# Bandsaw boxes



## gul (Apr 16, 2010)

Hello all 
I finally got a bandsaw today! It has 1/2 inch blade.I tried to make a band saw box but at the curves i just couldn't move the stock.Is it because my blade is too wide?Are there any templates for 1/2 inch blade bandsaw boxes?
I know my questions are kinda silly but yeah you are all I got for guidance.
Thanks.


----------



## mainerustic (Jul 20, 2010)

Congratulations, a bandsaw is a great addition and I know you'll have fun using it. I don't make bandsaw boxes myself, but I do cut some tight curves using my bandsaw. I would strongly suggest changing your blade to either
1/8" or 1/4" you'll much better control cutting tight curves with a much smaller blade.

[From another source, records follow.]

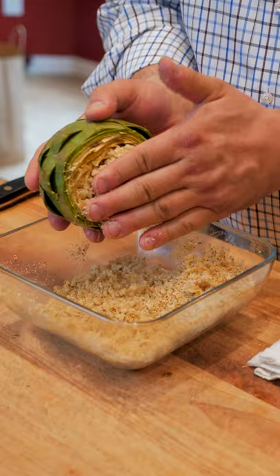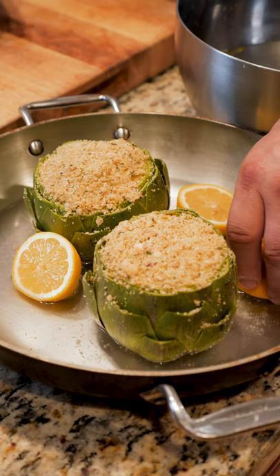Now dry off those artichokes and start stuffing — don't be afraid to pack it in. Put them in a pan with some of that lemon water, and feel free to add a little more lemon juice.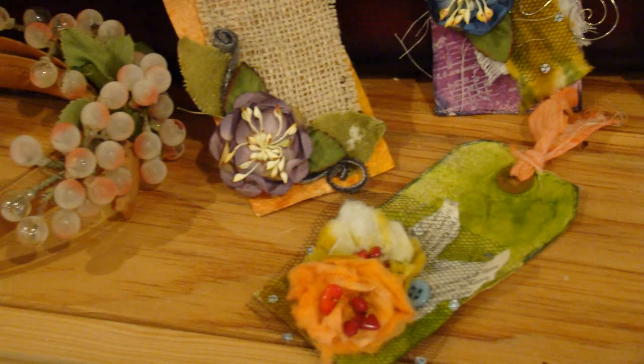Hey, Linda here, and I'm back with a project that's kind of a blast from the past — it's one that I did a couple years ago. I want to share this video with you on how to upcycle dryer sheets into vintage style flowers. So let's get started.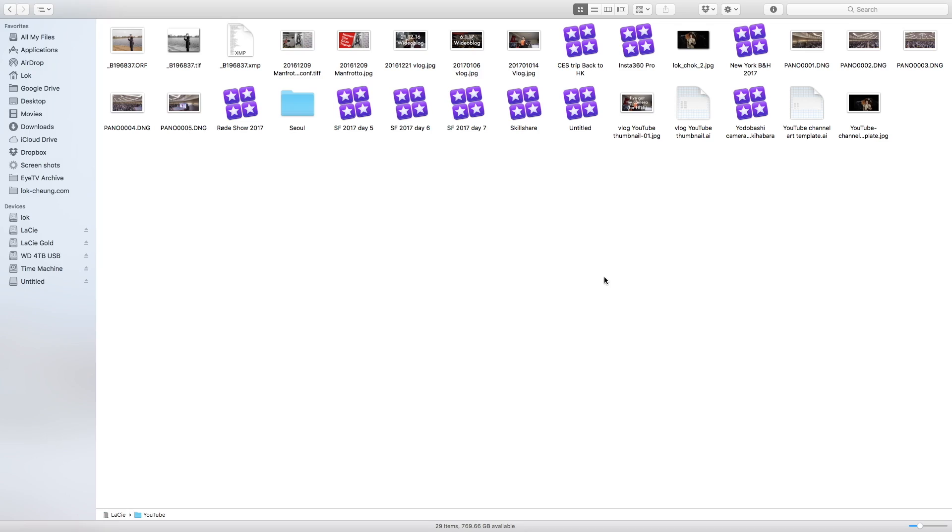Obviously a lot of people like to use their own file system. They would go to Finder or File Explorer, manually copy those files from their card to their own file system, and then import them into Final Cut Pro or Premiere.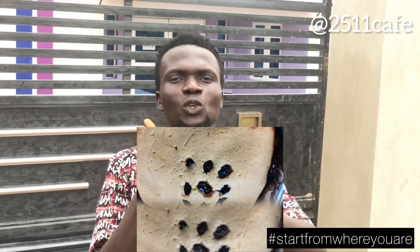Hey guys, welcome to the 2511 Cafe Show and welcome to the episode of Start From Where You Are. I am Afolabi Maio, on Instagram I am Meio Go Go. In this episode of Start From Where You Are, I'll be showing you how I bake this cake without the use of electric oven, electric mixer or anything. Everything is traditional.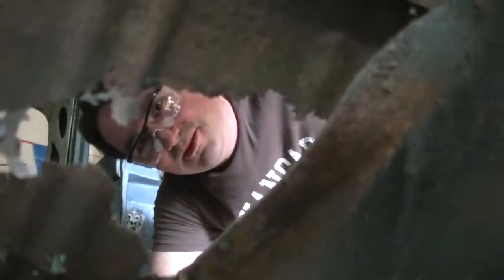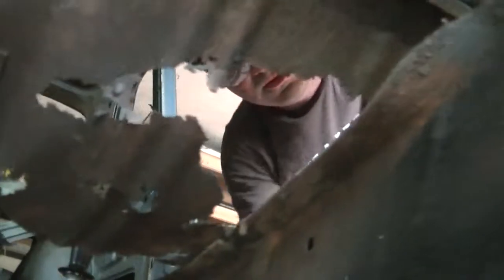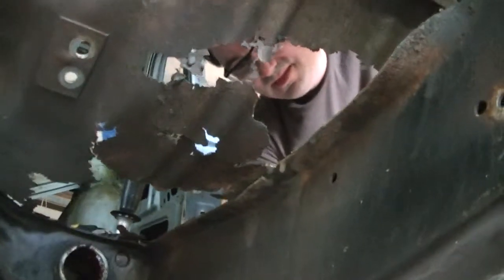Here I am looking at you through where a floor should be. I just removed some old patch panels that somebody probably put in at least 20 years ago. As you can see, they didn't do a very good job of stopping the rot.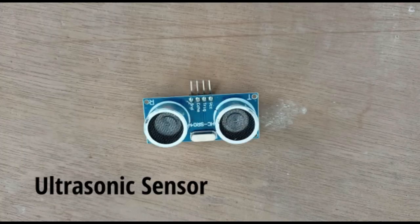Ultrasonic sensor. An ultrasonic sensor is an electronic device that measures the distance of a target object by emitting ultrasonic sound waves and converts the reflected sound into an electrical signal.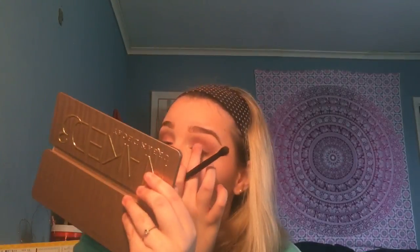I went in with the shade Mugshot in my outer corner, and then to highlight my brow bone I'm going in with the shade Strange. That's pretty much it for the eye look.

Good luck and keep up the good work, I love what you do.


----------



## BertFlores58 (May 26, 2010)

Please be careful with the curves… Each blade has a a tolerable arc to cut… The wider the blade the big arc it will require. Otherwise, you need to waste materials from the side. Practice makes perfect.


----------



## stevenhsieh (Jan 8, 2010)

Keep the 1/2 blade it is good for cutting the back side of the box. Get a 3/16 or larger for the curves.


----------



## TJ65 (Jan 19, 2010)

All I can say is the smaller the better, the band saw is a large blade so the curves will be big too. 
If you really want nice small cuts try a scrollsaw. But you cant make the big bandsaw styled boxes!


----------



## Chiefk (Jan 28, 2008)

a 1/2" bandsaw blade has a cutting radius of 2 1/2", so you shouldn't try and cut any smaller radius. I also do not believe that a 1/2" blade should be used for radius cutting. pk


----------



## gul (Apr 16, 2010)

Thank you everyone for your help.So it's decided that I need a smaller blade.I hope i can find it here coz it took me six months to find bandsaw, that too ain't a nice one.
TJ65 I'd love to have a scroll saw but again it's not available here.


----------



## huff (May 28, 2009)

gul,
Congratulations on getting a new band saw. Your 1/2" blade will be real handy, but more for straight cuts or very gentle arches, etc. The blade I like best for doing bandsaw boxes is 3/16". The 3 most popular sizes for doing curves and radius cuts are 1/8", 3/16" and 1/4". Anything wider than a 1/4" won't allow you to cut very much of a curve or radius. Most of the bandsaw boxes I make are 3" to 4" thick and usually a hardwood, so I find the 3/16" is a little more stable than a 1/8" blade, but still allows me to make pretty tight curves. If you are doing smaller boxes, then the 1/8" blade will work fine. Just a couple tips on making a bandsaw box….....The blade is very important, both size and that it's sharp. Next, make sure your bandsaw is adjusted properly. If you don't have the owner's manual for it, you should be able to go on line and find information on the proper tension when installing a new blade and that all your guides are set properly so the blade will run true. If you have not cut thick stock on a bandsaw before, I would suggest that you find some scrape and pratice a little first. It takes a little pratice to get the feel of how fast you can feed the stock and how to keep the feed pressure directly to the front of the blade. One of the biggest problems when trying to follow a line of a curve or radius, we have a tendency to push more to the side than directly forward trying to make the turn and that makes the blade want to wander and not cut perpendicular to the saw table.(you'll understand when you play with some wood) LOL. Good luck on finding blades and hope to see one of your bandsaw boxe in the near future.


----------



## TheDane (May 15, 2008)

Check this out … http://www.woodworkersguide.com/2008/01/23/bandsaw-blade-radius-chart/


----------



## gul (Apr 16, 2010)

Thank you Huff for the detailed explanation.I think I have tuned it just about okay. What ever info is available on fine woodworking on bandsaw,I have done it that way they explained it. Straight cuts are smooth .I am looking for smaller width blades but no luck so far.Bandsaw box seems like a dream so far…LOL. Once again thanks for time and effort to make it easy to understand.
TheDane thanks for the chart,it's very handy.


----------